You can do this before runtime by static analysis, or at runtime by dynamic analysis.
You have only two ways to do this at runtime, and they both amount to instrumenting code:
Instrument the source code
Modify ("instrument") the source code so it keeps track of what you want, e.g., modify
every call site to pass an additional argument effectively containing the calling function name, and every function entry to record the entry to that function (e.g., effectively the called function name) and the calling function name. The instrumentation process needs to build a cross-reference from points that are instrumented, back to source file and line to enable later reporting.
You can do this in a completely automated way by using a Program Transformation System (PTS), which can parse source code to make ASTs, modify the ASTs, and then regenerate source. Often a PTS will let you write the changes as source-level patterns of the form, "if you see this, replace it by that". (No, regexes can't do this).
An extended example of how do this can be found in my technical paper, Branch Coverage for Arbitrary Languages. The paper shows discusses what is in a PTS, and then shows typical instrumentation transformations.
Getting this done "right" for a language like C can be difficult, because you need as a foundation, a full C parser, which is a major technical feat in its own right. Best to get such a beast in completed form (some of the PTS have this, consider Concinnelle or DMS) or you'll never get around to doing the instrumentation part. (Another answer suggests that GCC has much of this instrumentation functionality built-in).
Done reasonably, the execution cost of the additional instrumentation is pretty modest (10-30%). This concept has been used to implement test coverage tools and timing profilers, which operate by tracking the dynamic set of calls, which seems to be exactly what you want.
Instrument the object code
Modify the execution engine that runs the code to keep track of the details you want. Given that you want to do this with C programs, the execution engine is essentially the underlying instruction set.
Since you can't reasonably modify the processor chip itself, you'll have to either:
modify the object code (using object-code equivalents of program transformations, see preceding paragraph for concepts, or see tools like PIN and Valgrind for details of implementation),
or write some kind of clever instruction set interpreter that collects the information it needs as it encounters call-instructions (this is likely to be rather slow, because of its interpretive nature).
Implementing these for real instruction sets is complicated by the instruction sets themselves (Intel's X86 instruction set is huge), object file formats, etc. Don't expect this path to be easier than the source instrumentation path; just expect it to have a different set of problems.

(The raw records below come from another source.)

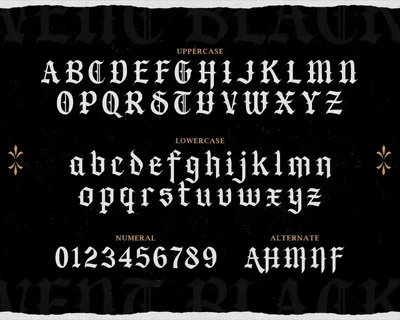 Calvent - Modern Blackletter Font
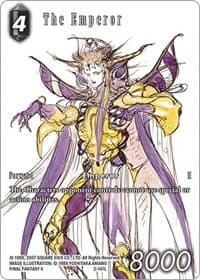 The Emperor (Full Art Reprint) - Opus XIV: Crystal Abyss - Final Fantasy TCG card
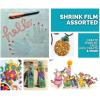 imageGrafix Shrink Film  85quotx11quot Sheets Design Your Art and Shrink It to Create Jewelry Embellishments Paper Crafts Gift Tags Ornaments and MoreClearMatteWhite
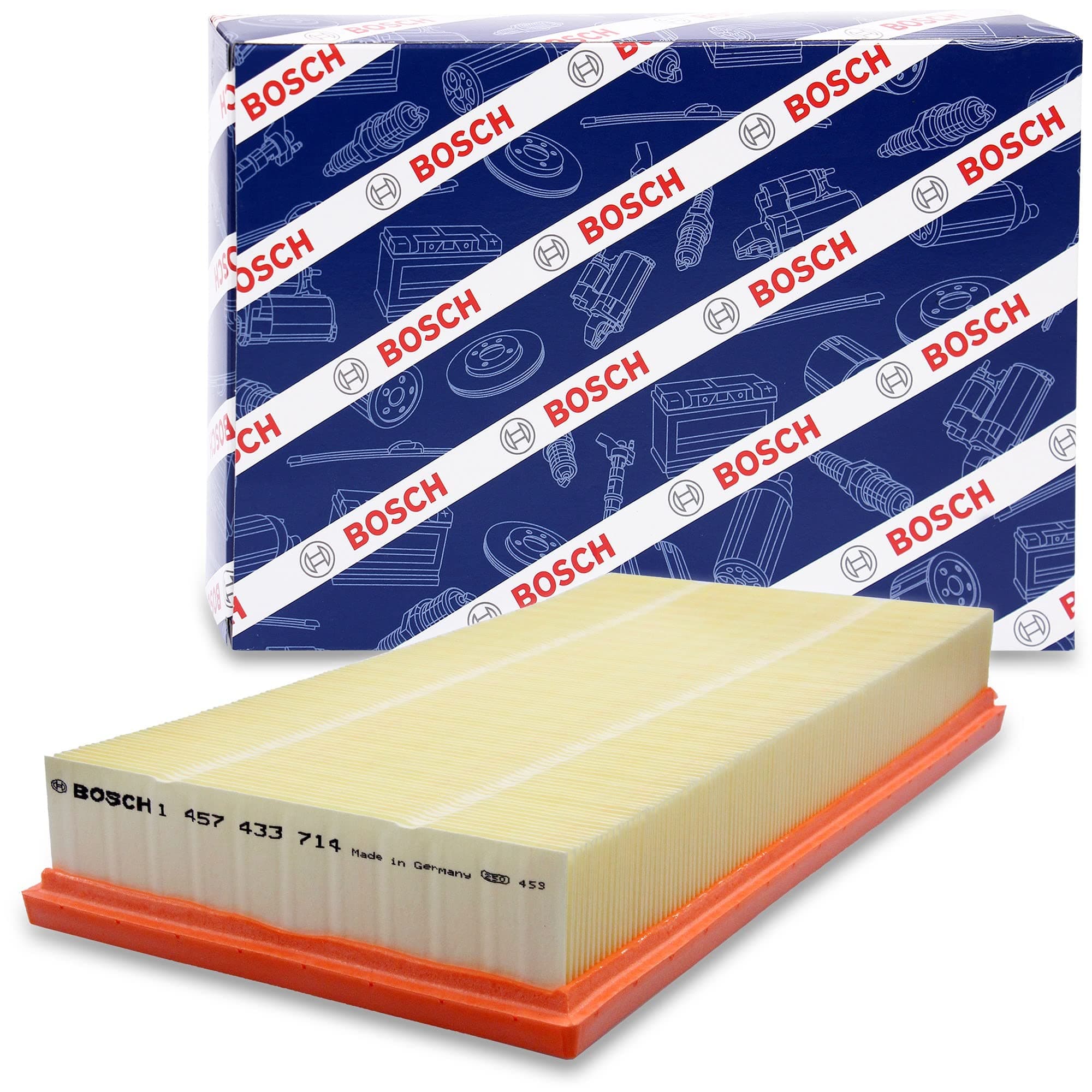 Bosch S3714 Car Air Filter - Separates Particles from the Air Intake - Moisture-resistant plus High Tensile Strength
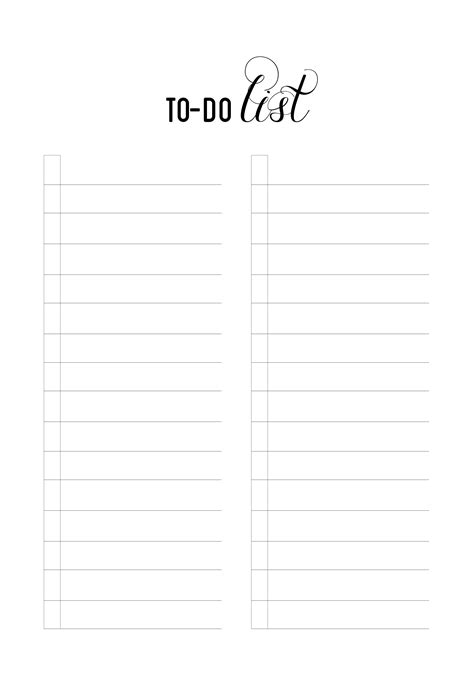 To Do List Printable Form - Printable Forms Free Online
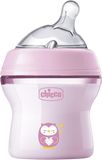 Chicco Láhev kojenecká Natural Feeling, dívka, 0m+, 150 ml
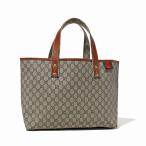 グッチ GUCCI トートバッグ GGスプリーム GG柄 シェリーライン レザー PUコーティングキャンバス ベージュ ブラウン 211134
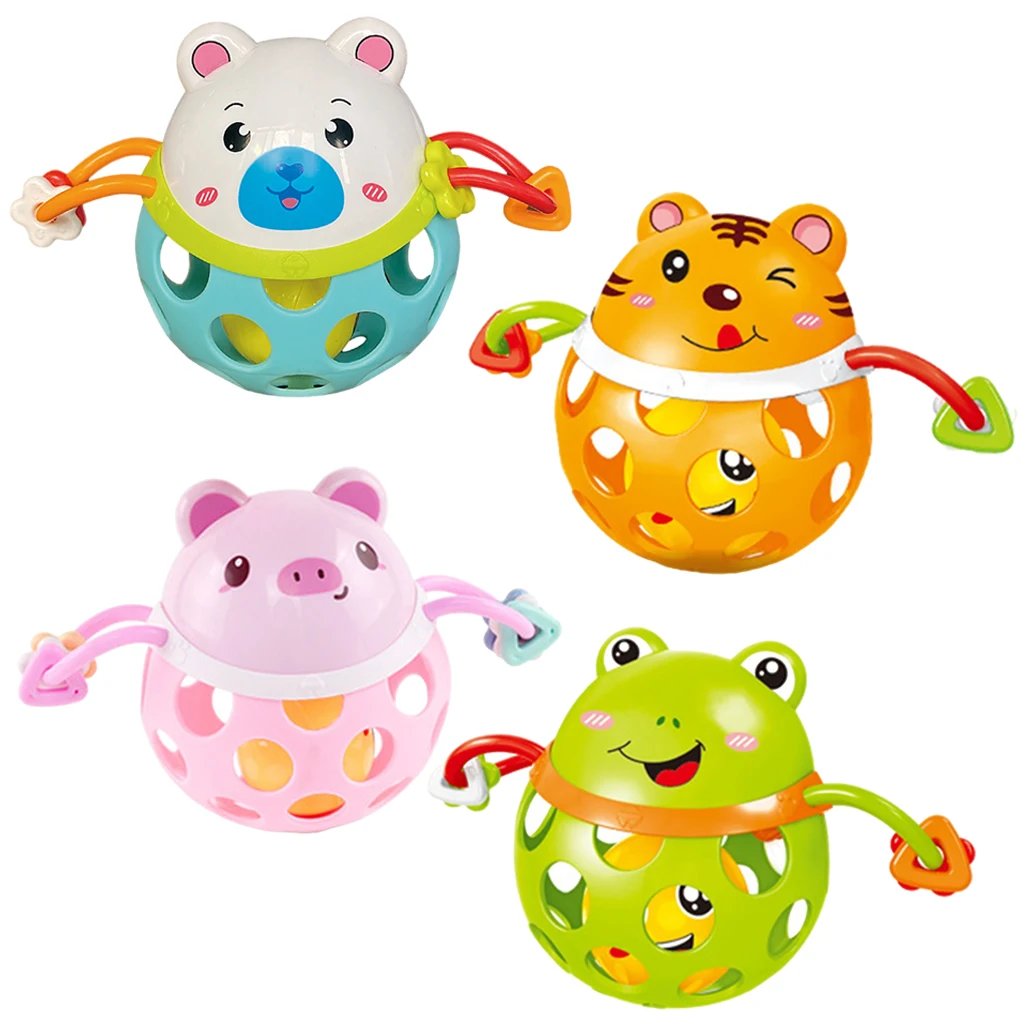 

Infant Baby Chime Ball Rattle Toy Intelligence Teether Toys for 0-6 Months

One standard problem is knowing what to instrument; the object code space is full of code (libraries, system routines, ...) that aren't part of the application of interest, and thus aren't interesting to collect test coverage data for. For this, you need a symbol table ( pairs) to tell what is application code, and what is not. You also need to be able to trace from the name to a point in the original source file(s),
in order to report the results.
One other difficulty with object code instrumentation is that it is difficult to tell if a function foo, which has been inlined, has been executed ("covered"). The source instrumentation scheme does not have this problem, because foo gets instrumented before it gets compiled/inlined, so the instrumentation gets inlined too.
Threads
Handling threads is an orthogonal issue. At each place where you record a fact X-calls-Y, you simply attach the thread ID (or its equivalent) T, obtained from the OS, to produce X-calls-Y-in-T. It isn't clear from your question why you want to do this.
Static Analysis
You could decide to skip all the hassles of runtime implementation, and build/get a static analyzer that can produce a call graph. Getting of these for C might be possible using Clang or DMS. Building it yourself is likely difficult; now you need a full C parser, complete data flow and points-to analysis, and call-graph construction. The details won't fit in this paragraph.